The poem "The Lesson" proves the point clearest. Sports has never been a part of poetics, (especially the CFL) however with the logic and tension in this style of poetry, the rules of a sport, the relation of a son playing this game with his father all collide.

However obscure the disection of a poem can be, everyone remembers countless hours spent for grade eleven English, researching to exhaustive ends the meaning beneath Robert Frost's poem 'Fences', now the science and behind the scenes mechanics are right there in the poems. Batteries included.

If any of the written genres are on death row certainly poetry is at the head of the line, if not already requesting a light for it's last cigarette.

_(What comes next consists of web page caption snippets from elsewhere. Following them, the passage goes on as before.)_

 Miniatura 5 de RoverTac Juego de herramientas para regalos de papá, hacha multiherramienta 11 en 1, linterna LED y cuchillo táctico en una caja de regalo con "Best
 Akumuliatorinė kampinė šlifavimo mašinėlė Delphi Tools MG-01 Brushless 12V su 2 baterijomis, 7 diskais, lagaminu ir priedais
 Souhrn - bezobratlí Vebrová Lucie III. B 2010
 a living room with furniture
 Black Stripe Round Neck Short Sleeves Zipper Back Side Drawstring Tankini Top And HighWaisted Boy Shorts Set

Stan Rogal's new direction in poetry isn't entirely his, or new, but at least its not some shawl-wearing or pipe smoking cake bearer, trying to fatten us up/ smoke us out with their new brand of spiral bound cook book poems from the heart.

Coach house books is one of the small press publishing houses in Toronto. It is also one of the most advanced in terms of format, running on-line versions of newly released books to spark interest in printed formats. While many would suggest that this demeans if not inhibits actual print book sales, it does allow the relationship between artists and reader to become more intimate. Pages from a new book can be culled on command (at their site).